Espalier trained fruit trees are cajoled, throughout their growing period, two-dimensional shapes, usually into lateral or fan shaped patterns although there are many variations on those themes. The technique means that each leaf is less likely to be overshadowed by a neighbour so all the leaves get the benefit of full sun.
Increased Benefits from Training Against a Wall
Although the fruit trees can be trained using a self-supporting framework, perhaps of trellis or bamboo stakes, it is more usual for them to be planted against a wall. As well as providing plentiful anchor points for the stays and ties necessary to train the tree each year, it also increases the temperature of the microclimate around the tree.
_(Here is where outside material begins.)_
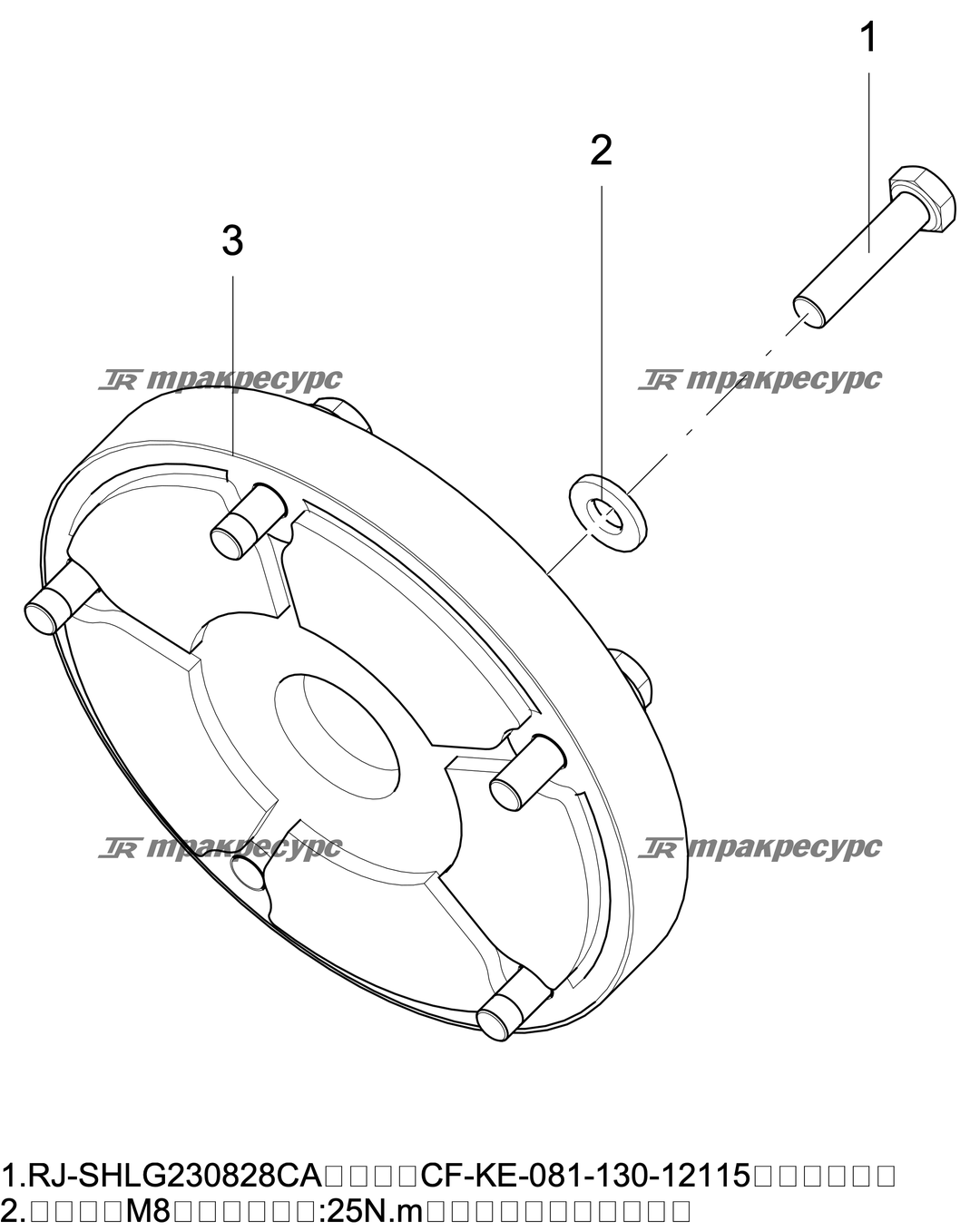 P000100243A2.png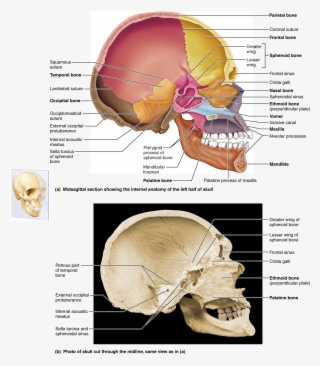 Part 1 The Axial Skeleton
The sun warms the wall during the day and then that heat is released during the cooler night time.
This effect, coupled with the shelter provided by the wall and the even capture of the sun’s rays all over the tree, increases crop sizes and brings fruit to maturity much earlier in the season. Results are also significantly better if the espalier training is done against a south facing wall in an enclosed but light garden.
Safe Gardening and Espalier
So what’s this got to do with safe gardening? The other major functional benefit of training fruit trees in this way, apart from the benefits to fruit growing itself, is that the splayed out limbs of the espalier form make it very easy to reach the fruit.
This was perhaps one of the major benefits of the espalier technique to growers in ancient Middle Eastern areas where the technique is thought to have originated. Any innovation which sped up the production and harvesting fruit so that it could be placed in a market earlier than any rivals would have been embraced wholeheartedly.
This means no more messing around with tall ladders, climbing trees or bashing the limbs of the fruit trees with long sticks to get at the fruit. Most fruit trees will grow to a significant height if left to grow unchecked and if the fruit is 25 feet off the ground then it can be quite dangerous trying to harvest it.
The harvest of an espalier trained fruit tree, by contrast, can be safely collected by one person standing in front of it, perhaps using a stepladder to reach the highest branches. But the important thing about the height of a tree pruned in this way is that the height is the choice of the grower, not the tree.
This makes espalier training an efficient and inclusive way of growing fruit trees. The training and pruning of the tree can be done by many people with physical difficulties, as can the harvesting of the fruit. If the trees are trained against a wall, as discussed earlier, and there is a solid or semi-solid path directly in front of them, then wheelchair users can get involved too.
The final thing to say about espalier training is that fruit trees trained in this way, quite apart from the benefits in growing and harvesting the fruit, just look fantastic.
The serried ranks for trees can be a dramatic backdrop to any garden, whether it’s formal or informal, and you get the benefit of the produce too.